» Supplied records
=======

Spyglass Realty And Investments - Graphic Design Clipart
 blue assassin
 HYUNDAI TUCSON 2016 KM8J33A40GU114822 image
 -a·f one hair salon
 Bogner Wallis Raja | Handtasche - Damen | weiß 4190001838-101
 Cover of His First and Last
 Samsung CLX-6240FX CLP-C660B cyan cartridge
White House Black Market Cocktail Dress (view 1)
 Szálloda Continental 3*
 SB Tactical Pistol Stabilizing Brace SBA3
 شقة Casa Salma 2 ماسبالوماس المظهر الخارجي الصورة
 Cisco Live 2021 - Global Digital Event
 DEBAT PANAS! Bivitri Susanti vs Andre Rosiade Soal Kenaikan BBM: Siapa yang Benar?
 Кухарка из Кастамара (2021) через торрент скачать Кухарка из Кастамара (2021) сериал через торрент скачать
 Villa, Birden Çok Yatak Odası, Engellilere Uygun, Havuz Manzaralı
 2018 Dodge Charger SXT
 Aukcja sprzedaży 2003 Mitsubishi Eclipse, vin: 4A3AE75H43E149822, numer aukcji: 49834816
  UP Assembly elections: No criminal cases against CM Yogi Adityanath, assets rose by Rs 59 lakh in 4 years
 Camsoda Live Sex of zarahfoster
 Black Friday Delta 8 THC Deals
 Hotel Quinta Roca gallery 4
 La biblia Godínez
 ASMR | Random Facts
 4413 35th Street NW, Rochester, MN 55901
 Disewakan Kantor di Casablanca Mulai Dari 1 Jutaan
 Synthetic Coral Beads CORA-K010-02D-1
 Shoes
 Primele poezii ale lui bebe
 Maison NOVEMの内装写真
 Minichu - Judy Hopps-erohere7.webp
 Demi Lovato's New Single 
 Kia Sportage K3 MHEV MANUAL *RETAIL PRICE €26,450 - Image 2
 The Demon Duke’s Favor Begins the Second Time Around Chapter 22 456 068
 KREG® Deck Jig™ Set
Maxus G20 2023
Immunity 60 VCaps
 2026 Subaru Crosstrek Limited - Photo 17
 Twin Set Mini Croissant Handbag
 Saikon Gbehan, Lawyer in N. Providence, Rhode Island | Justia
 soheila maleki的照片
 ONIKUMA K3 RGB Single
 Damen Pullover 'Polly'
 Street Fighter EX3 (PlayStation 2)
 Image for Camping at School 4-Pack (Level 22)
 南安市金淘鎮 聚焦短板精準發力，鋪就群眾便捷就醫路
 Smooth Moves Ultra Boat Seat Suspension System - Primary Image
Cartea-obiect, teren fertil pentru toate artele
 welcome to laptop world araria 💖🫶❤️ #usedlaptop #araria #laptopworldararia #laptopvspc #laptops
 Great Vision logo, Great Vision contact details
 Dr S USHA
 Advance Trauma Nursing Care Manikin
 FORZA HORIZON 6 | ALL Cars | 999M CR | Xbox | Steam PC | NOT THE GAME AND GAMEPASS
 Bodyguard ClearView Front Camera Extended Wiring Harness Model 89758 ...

=======

» Exercise directions
Which lines in the data above contain "Live"? Show each one.

» Task result
 Cisco Live 2021 - Global Digital Event
 Camsoda Live Sex of zarahfoster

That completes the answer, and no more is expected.